因幡屋ぶろぐ

劇評かわら版「因幡屋通信」主宰
宮本起代子による幸せの観劇記録。
舞台の印象をより的確により豊かに記せますよう・・・

劇団印象第16回公演『妻月 さいげつ』

2011-11-03 | 舞台

*鈴木アツト 作・演出 公式サイトはこちら 新宿タイニイアリス 13日まで (1,2,3,4 5,6,7,8,9,10,11)
 現代や近未来をファンタジックに描く鈴木アツトが、今回はじめて「時代物」を書いた。
 公演チラシには物語の内容が淡々と記されている。
 昭和24年の冬、復員した男が家に帰ると、数年前に戦死の誤報があったために、待っているはずの妻はすでに・・・。
 戦中戦後を扱った映画やテレビドラマで似た設定のものはいくつかみた記憶がある。
 ほんの60数年前、この国で現実にたくさんあったであろう悲劇。誰が悪いのでもなく、戦争を恨むことすらできず、ただただ運命だと受け入れた人々が大勢存在したのだ。

 タイトルの『妻月』は「さいげつ」と読む。
 夫が戦地から帰るのを待つ歳月、再婚し、子どもをもうけて新しい生活をはじめた幸せな歳月、戦死したはずの夫が帰還してからの歳月、そして昭和が終わり、平成も23年を過ぎた今から、当時までの歳月。昭和24年という明確な設定があり、出演俳優は着物に草履で座り芝居が多いが、あの時代をそのまま精密な作りでに再現するものではない。

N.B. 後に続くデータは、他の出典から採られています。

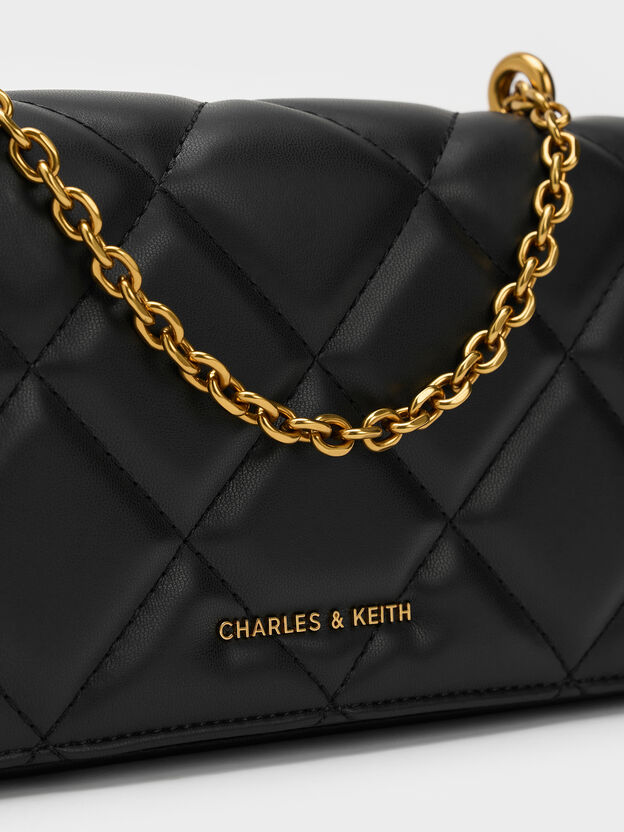 Paffuto Quilted Wallet On Chain, Black, hi-res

 そのせいか、みているうちに舞台設定が終戦後であることが、次第に意識から消えていく。
 空襲で焼け焦げた遺体を踏み越えて(踏みつけて、だったか)生き抜いてきたことや、「傷痍軍人」、「慰安婦」という台詞が若い俳優から発せられて、「そうだった」と揺り戻されるが、あの時代を生きてきた人々の生のことばとして確かな手ごたえを得るところにまでは、残念ながら至らなかった。

 性格の異なる兄と弟が妻である女性をめぐって諍う様相は、戦争が原因とはいえ、彼らがずっと幼いころから心の底にしまいこんでいたさまざまな鬱屈が吹き出しているともみえるし、前述の傷痍軍人に対して、徴兵を逃れて自由に生きてきた兄が抱く複雑な心境や、それを見抜く女中(と思っていたら実は・・・)とのやりとりには、当時と現代をつなげる回路がありそうだ。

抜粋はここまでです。